One survey revealed that 19% of black males had engaged in sexual activity with white women.[38] A Gallup poll on interracial dating in June 2006 found 75% of Americans approving of a white man dating a black woman, and 71% approving of a black man dating a white woman. Among people between the ages of 18 and 29, the poll found that 95% approved of blacks and whites dating, and about 60% said they had dated someone of a different race.[39] 69% of Hispanics, 52% of blacks, and 45% of whites said they have dated someone of another race or ethnic group.[40] In 1980, just 17% of all respondents said they had dated someone from a different racial background.[41]

Former NAACP President Ben Jealous is the son of a white father and a black mother.

However, according to a study from the University of California at Berkeley, using data from over 1 million profiles of singles from online dating websites, whites were far more reluctant to date outside their race than non-whites.

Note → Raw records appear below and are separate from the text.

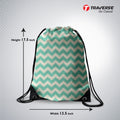 Zigzag Drawstring Bag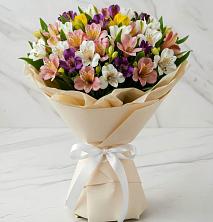 Букет цветов из:  Альстромерии в Пустоши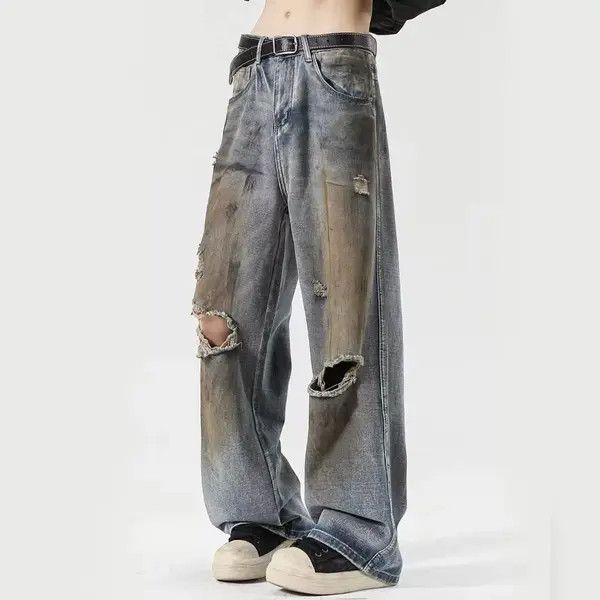 Designer Makihara x Fuji Distressed Jeans Size US 28 / EU 44 - 3 Thumbnail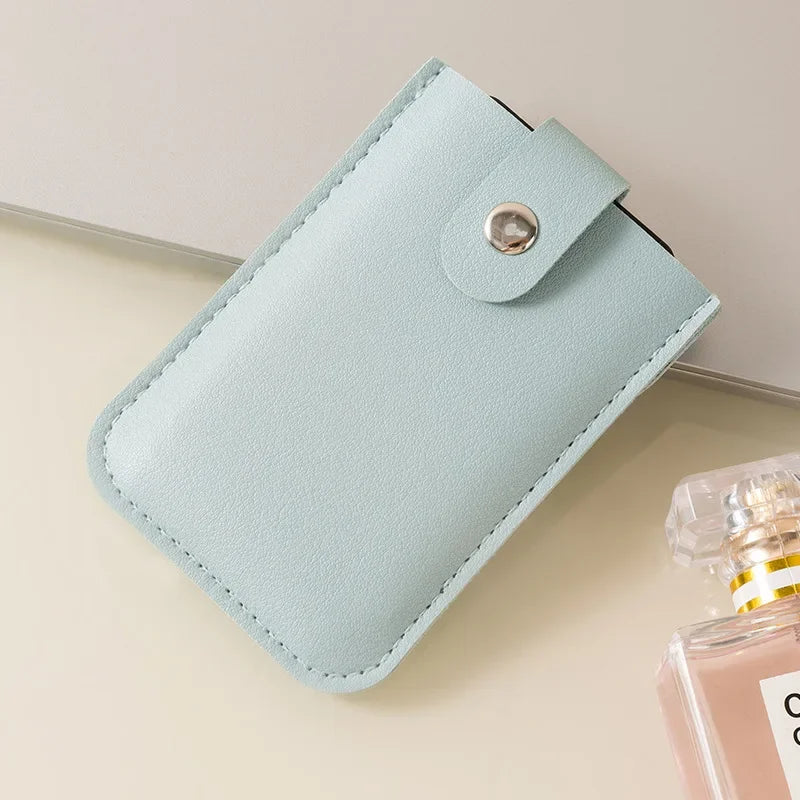 1Pcs PU Leather Card Holder Luxury Design Wallets Slim Compact Multiple Slots Organizer For Bank Cards Cash Women's Wallet Bag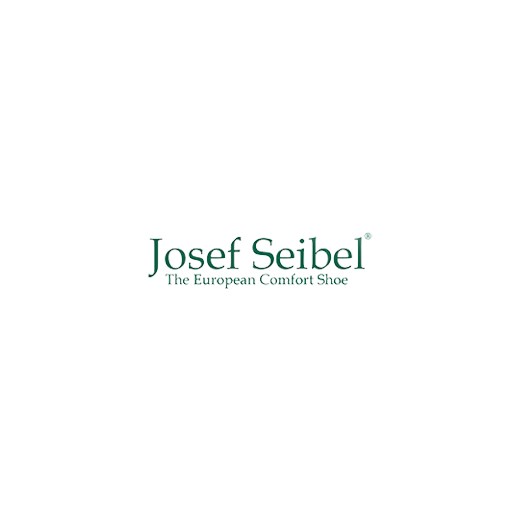 Klapki męskie czarne Josef Seibel bez zapięcia na wiosnę skórzane 
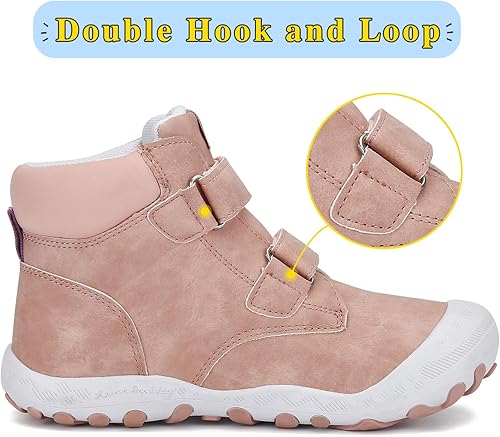 Miniatura 4 de Mishansha Botas de Senderismo al Tobillo para Exteriores Unisex para Niños, Botas de Excursionismo para Niños y Niñas, Zapatos de Caminata con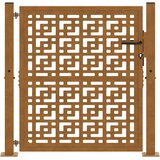  Vrtna vrata 100x100 cm Otporna na vremenske uvjete Čelična Križni Dizajn | shoptok.hr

The study found that over 80% of whites, including whites who stated no racial preference, contacted other whites, whereas about 3% of whites contacted blacks, a result that held for younger and older participants. Only 5% of whites responded to inquiries from blacks. Black participants were ten times more likely to contact whites than whites were to contact blacks, however black participants sent inquiries to other blacks more often than otherwise.[42][43]

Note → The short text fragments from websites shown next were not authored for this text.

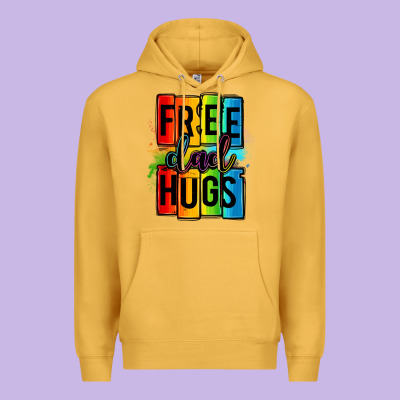 Free Dad Hugs Premium Hoodie Designed By Oliviacreatesart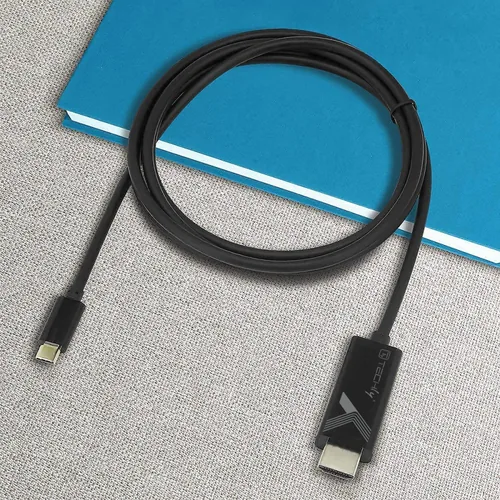 Techly USB Typ C ST auf HDMI 2.0 4K, 2m, schwarz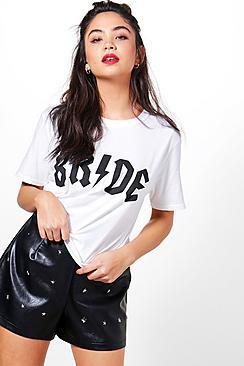 Boohoo Isabel Bride Slogan T-shirt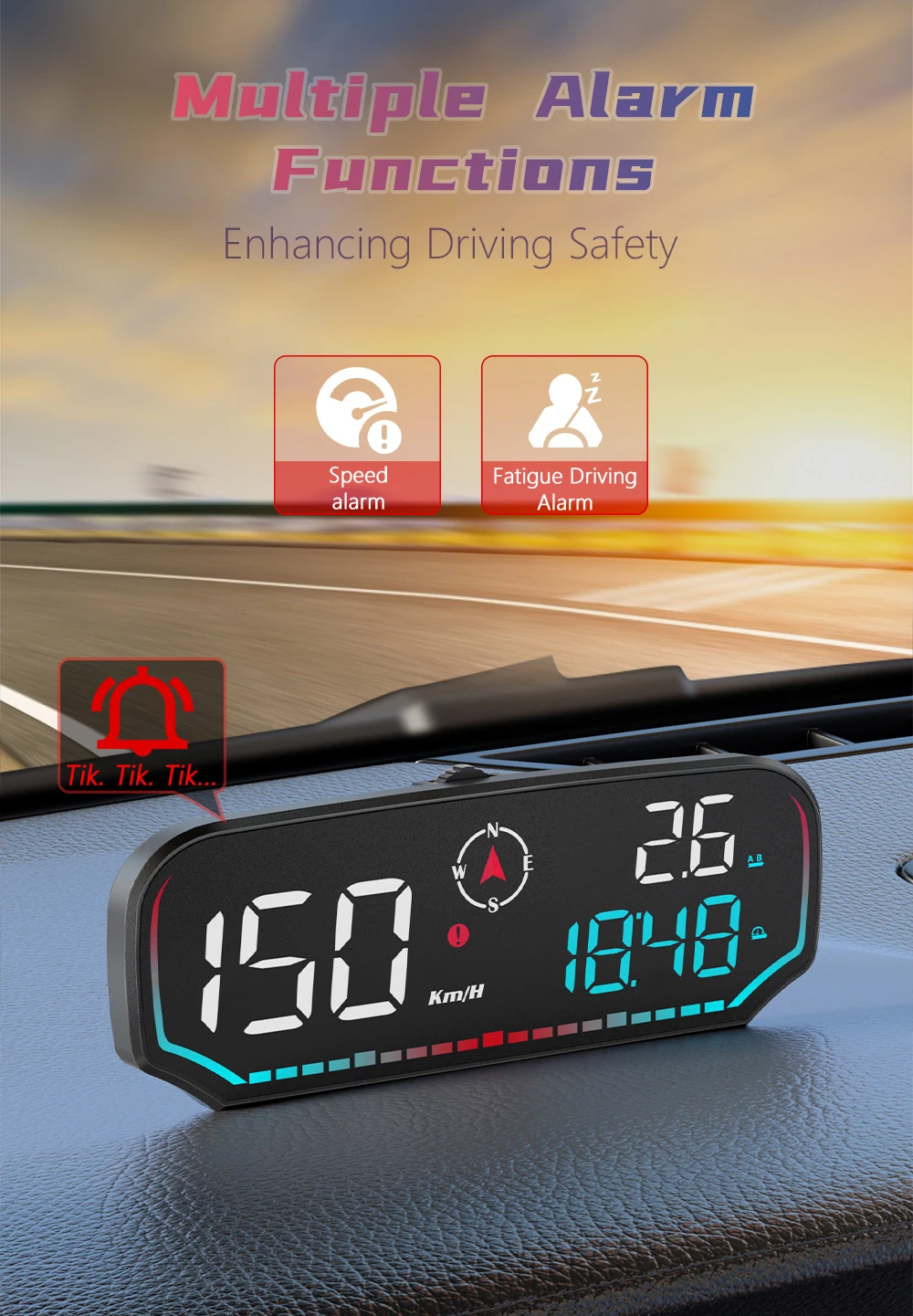 WiiYii 2025 G14 Model New Universal Auto Meter GPS Speedometer and HUD ...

Interracial marriage is still relatively uncommon, despite the increasing rate. In 2010, 15% of new marriages were interracial, and of those only 9% of Whites married outside of their race. However, this takes into account inter ethnic marriages, this meaning it counts white Hispanics marrying non-Hispanic whites as interracial marriages, despite both bride and groom being racially white. Of the 275,000 new interracial marriages in 2010, 43% were white-Hispanic, 14.4% were white-Asian, 11.9% were white-black and the rest were other combinations.[44] However, interracial marriage has become more common over the past decades due to increasing racial diversity, and liberalizing attitudes toward the practice. The number of interracial marriages in the U.S. increased by 65% between 1990 and 2000, and by 20% between 2000 and 2010.[45] "A record 14.6% of all new marriages in the United States in 2008 were between spouses of a different race or ethnicity from one another. ... Rates more than doubled among whites and nearly tripled among blacks between 1980 and 2008. But for both Hispanics and Asians, rates were nearly identical in 2008 and 1980", according to a Pew Research Center analysis of demographic data from the U.S. Census Bureau.[46]

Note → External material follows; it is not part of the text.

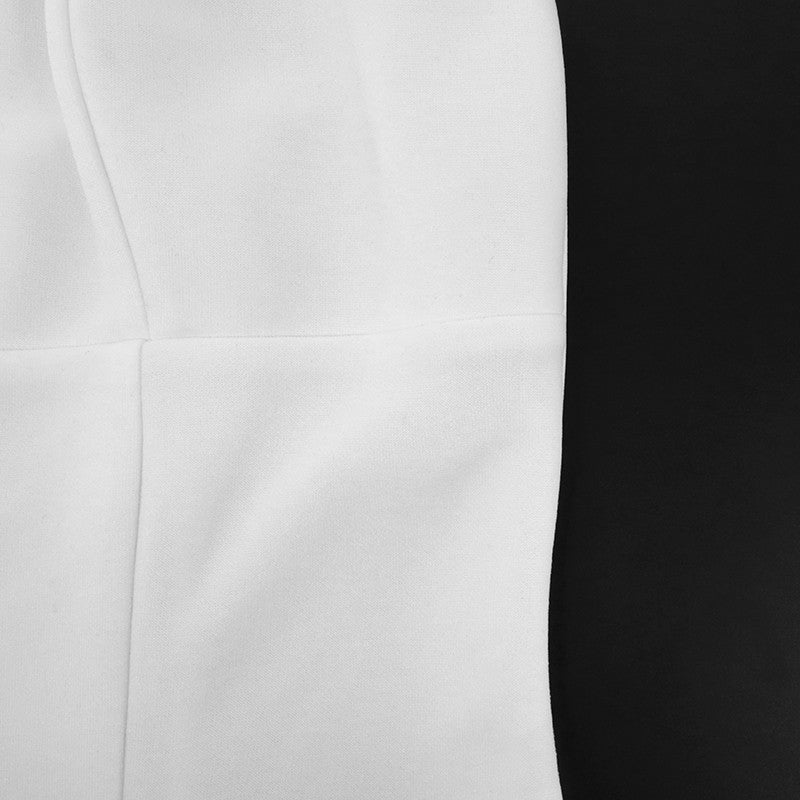 Sexy A-Line Dress Women's Summer New Solid Sexy Sleeveless Off Shoulder Bodycon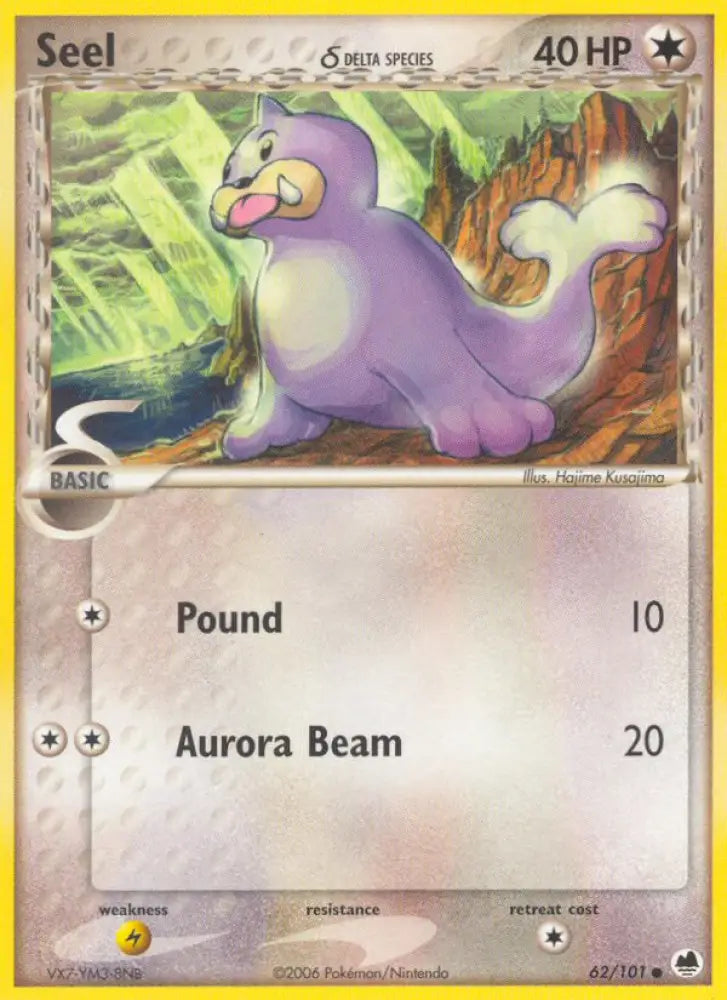 Seel (62/101) (Delta Species) [EX: Dragon Frontiers] - Pokemon Single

According to studies by Jenifer L. Bratter and Rosalind B. King made publicly available on the Education Resources Information Center, White female-Black male and White female-Asian male marriages are more prone to divorce than White-White pairings.[47] Conversely, unions between White males and non-White females (and between Hispanics and non-Hispanic persons) have similar or lower risks of divorce than White-White marriages, unions between white male-black female last longer than white-white pairings or white-Asian pairings.[47]


A Redenção de Cam (Ham's Redemption), Modesto Brocos, 1895, Museu Nacional de Belas Artes. The painting depicts a black grandmother, mulatta mother, white father and their quadroon child, hence three generations of hypergamy through racial whitening.

In the 2022 census, 92.1 million people or 45.3% of Brazil's population identified themselves as "pardos", meaning brown or mixed race.[48] According to some DNA researches, Brazilians predominantly possess some degree of mixed-race ancestry, though less than half of the country's population classified themselves as "pardos" in the census.[49] Multiracial Brazilians live in all regions of Brazil, they are mainly people of mixed European, African, East Asian (mostly Japanese) and Amerindian ancestry.

Interracial marriages constituted 22.6% of all marriages in 2000. 15.7% of blacks, 24.4% of whites and 27.6% of Pardos (mixed-race/brown) married someone whose race was different from their own.[50]

Genetic admixture[edit]

Sexual reproduction between two populations reduces the genetic distance between the populations. During the Age of Discovery which began in the early 15th century, European explorers sailed all across the globe reaching all the major continents. In the process they came into contact with many populations that had been isolated for thousands of years. The Tasmanian Aboriginals were one of the most isolated groups on the planet.[51] Many died from disease and conflict, but a number of their descendants survive today as multiracial people of Tasmanian and European descent. This is an example of how modern migrations may reduce the genetic divergence of the human species, which would usually lead to speciation.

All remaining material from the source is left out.